Mir ist der Ruhm wohl etwas zu Kopf gestiegen, um ehrlich zu sein. Mit Manassas haben wir es schlichtweg übertrieben. Die Musik an sich war völlig in Ordnung, und ich bin mir sicher, dass wir damit auch gute Verkäufe hätten erzielen können, wenn nur die Texte nicht so absolut dämlich gewesen wären. Sie waren lächerlich – und ich meine damit nicht lächerlich-cool wie etwa bei Monty Python…

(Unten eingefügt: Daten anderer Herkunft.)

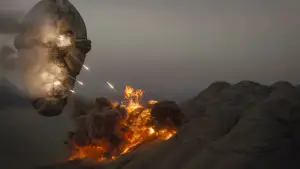 Задник до фильму"Дюна: Частина друга" #529171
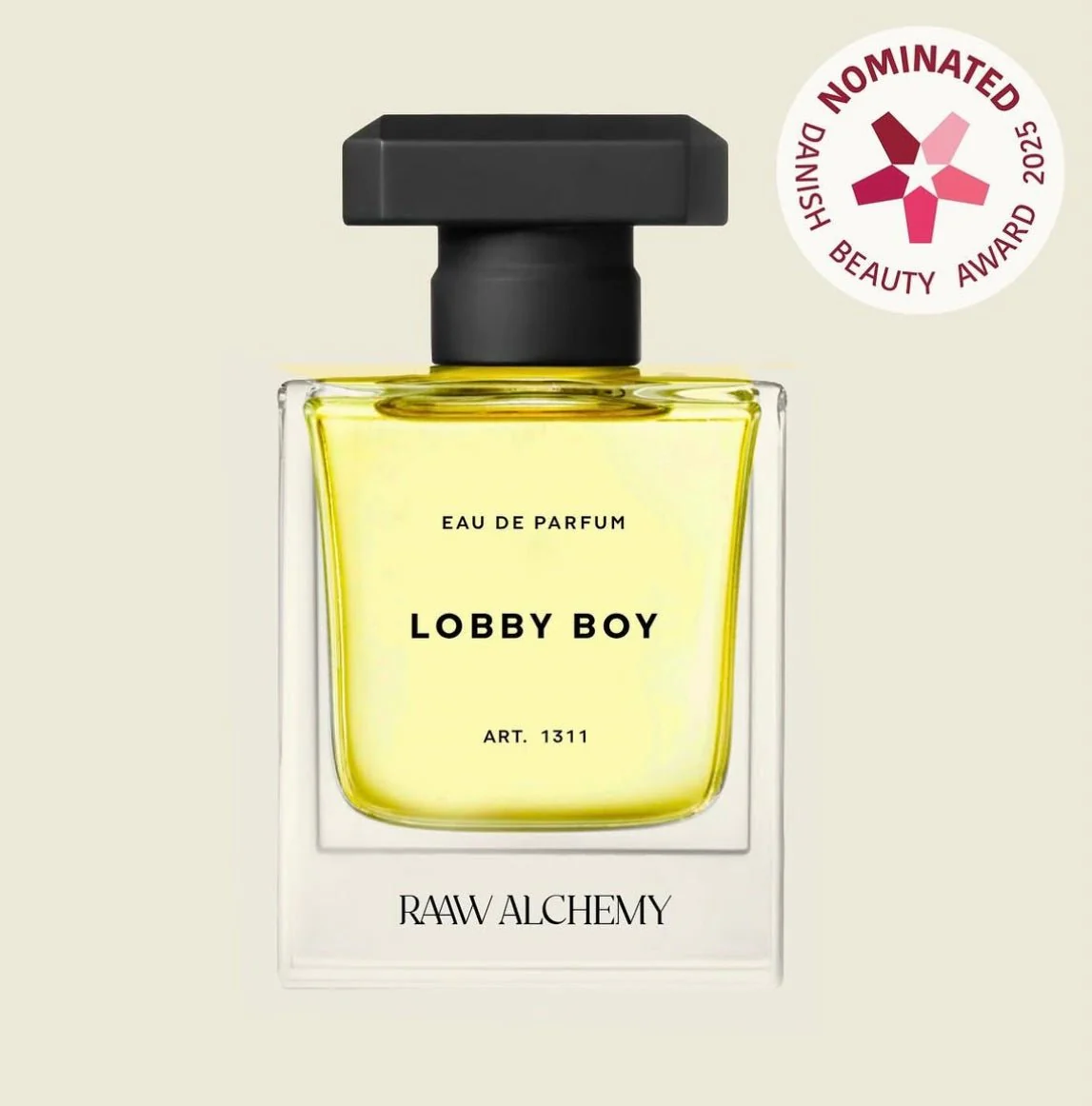 Huile de parfum Lobby Boy 10 ml – Image 3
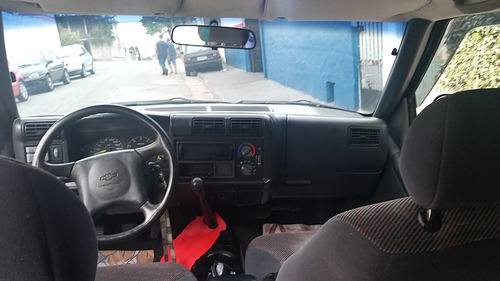 Chevrolet Blazer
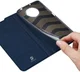 Dux Ducis Skin Pro Series Xiaomi Poco X3 / X3 Pro Hoesje Wallet Blauw afbeelding 5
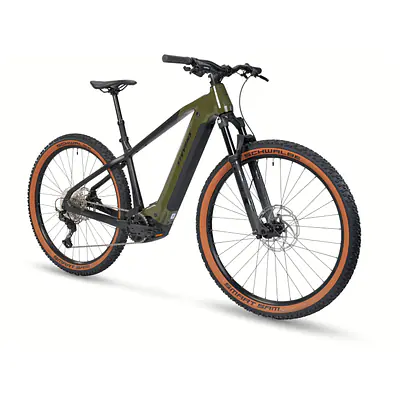 STEVENS E-Agnello 8.8.1 Khaki Black secondary image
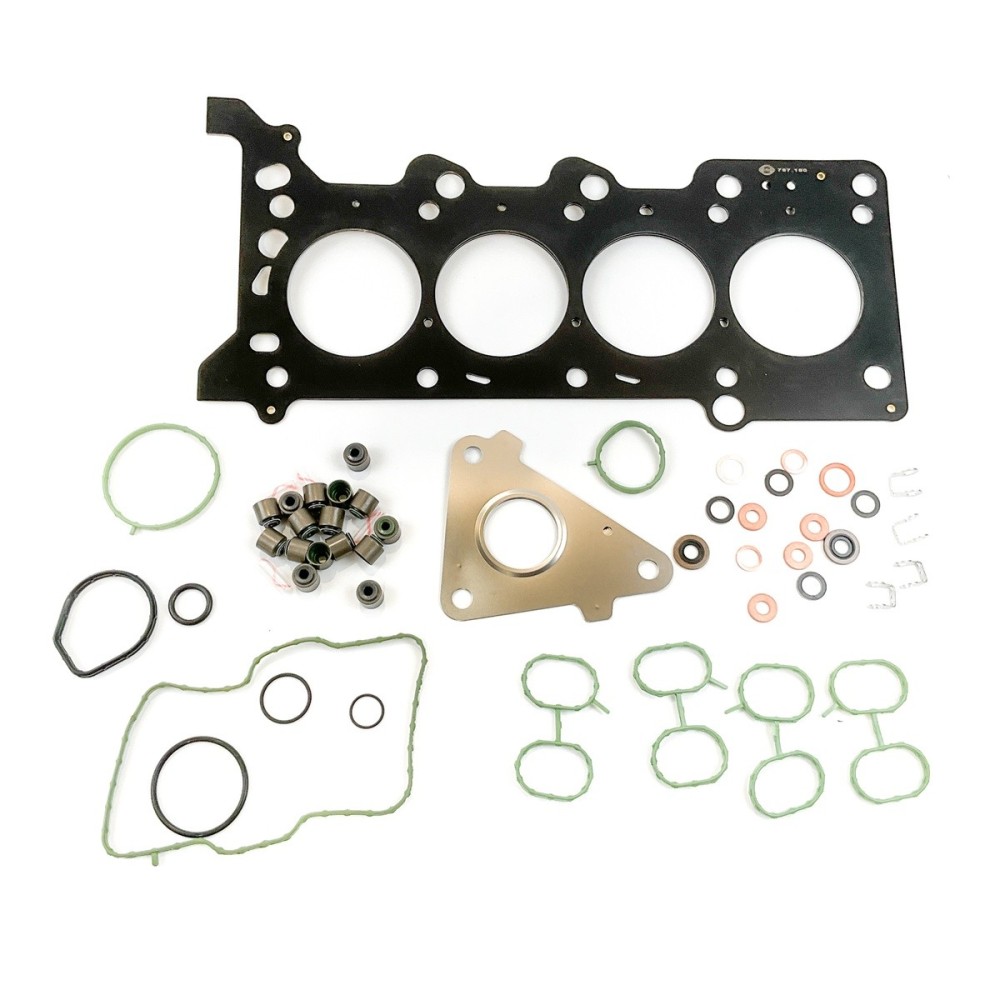 2/3/CX3 - 1.5D - S5Y7 / S5Y8 / S5Y9 - Junta parte alta con Junta culata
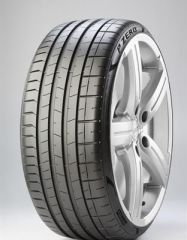 Pirelli 245/40R19  98 Y (*) Xl P-Zero(Pz4) L.S.  Run Flat (B,B,70 Db) 2024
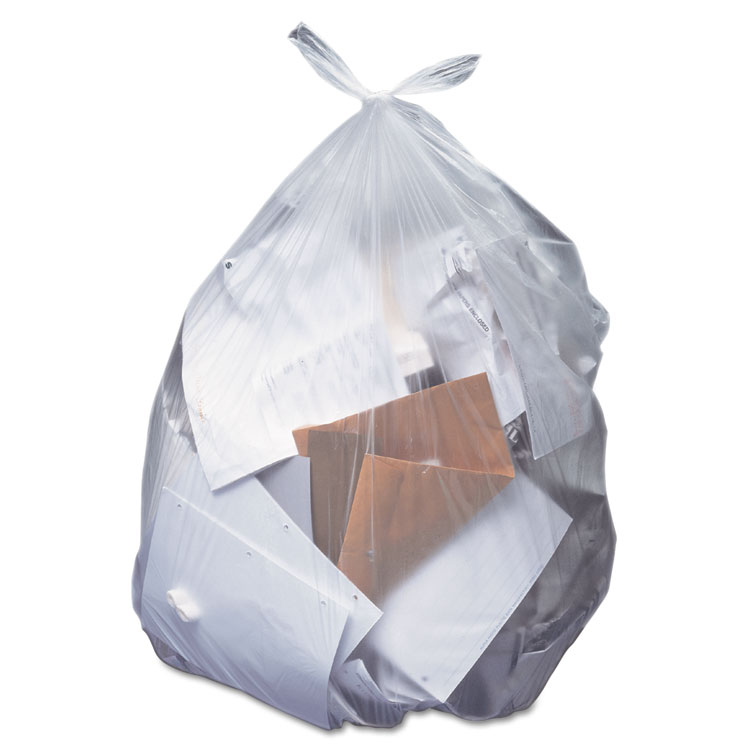 Boardwalk 16 Gallon Trash Bags - 500 count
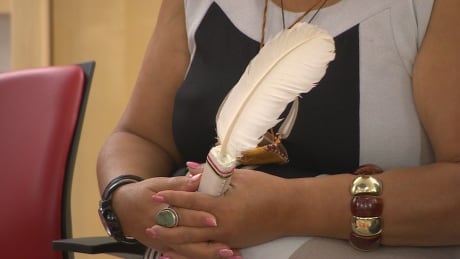 A team of health workers, lawyers and community relations officials are in Winnipeg and Sagkeeng First Nation this week to hear more from families of missing and murdered Indigenous women and girls ahead of hearings this fall. Sagkeeng First Nation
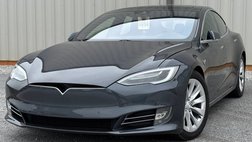2016 Tesla Model S 85D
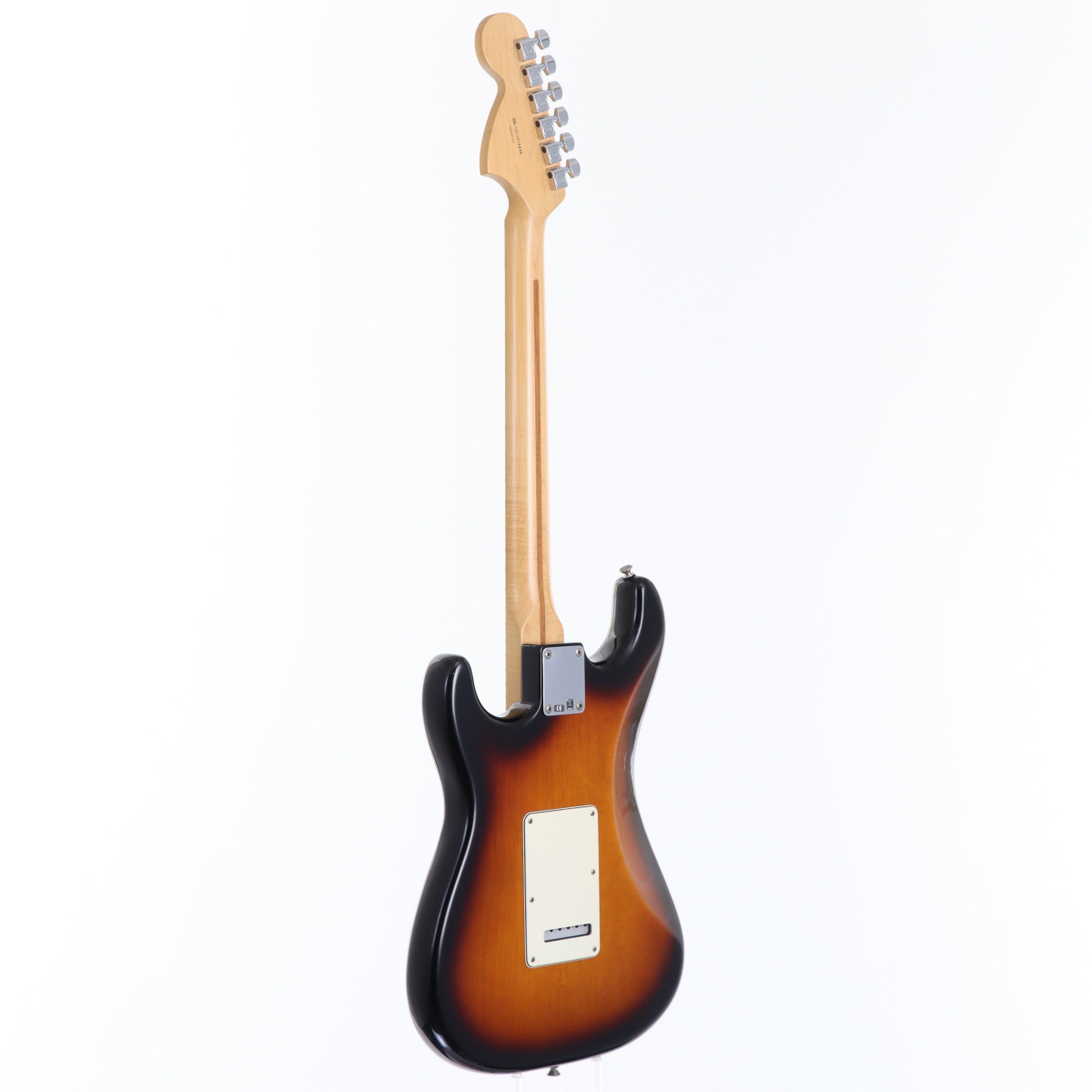 中古】Fender USA / American Special Stratocaster 2 Tone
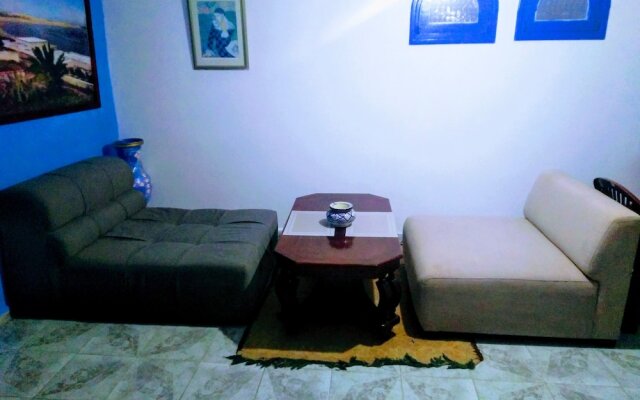 Dar Bouchaib Oualidia - Adults Only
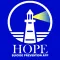 HOPE Suicide Prevention App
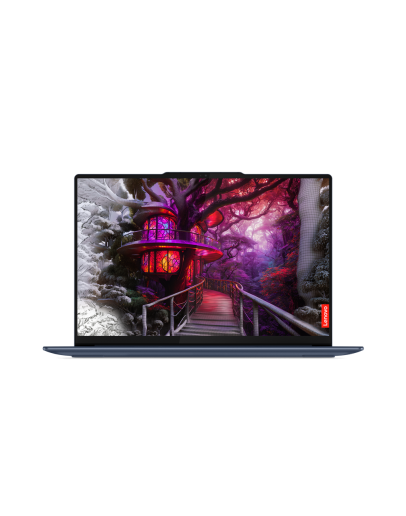 Лаптоп LENOVO YOGA SLIM 7/83ED000RBM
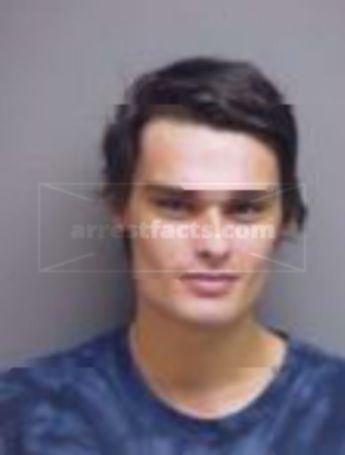 Derrick James Dainack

Als ich nach der Zeit in England in die Staaten zurückgekehrt bin, ging es richtig hoch her bei mir. Ich habe gefeiert, was das Zeug hält. Geld spielte keine Rolle, und ich dachte nicht eine Sekunde über die möglichen Konsequenzen meines Handelns nach. Es war wie im Schlaraffenland – alles war im Überfluss vorhanden. Es ist mir nicht einmal aufgefallen, dass unser Management Kohle unterschlagen hatte – schließlich war genug davon vorhanden. Noch dazu habe ich einige falsche Entscheidungen getroffen. Und dann kam Neil Young und stahl mir die Show, aber wer will schon über den reden…
Nun ja…
Ist gut, ich weiß schon, dass ihr das wollt. Ist auch kein Problem, denn ich liebe ihn. Er ist ein toller Gitarrist, der die verrücktesten, abgefahrensten Dinge spielen kann. Ironischerweise war er bei Buffalo Springfield immer derjenige, der sich auf der Bühne keinen Millimeter bewegt hat, während ich wie ein Wilder rumgesprungen bin. Und jetzt hat er noch all seine Energie, während ich mich mit etlichen Zipperlein herumplagen muss. Ich schätze, ich muss nun den Preis dafür zahlen, dass ich mich damals so verausgabt habe. Aber Neil und ich treffen uns auch heute noch ab und zu, um gemeinsam die Sau rauszulassen. Das gefällt mir, denn wir waren schon immer ein perfektes Team.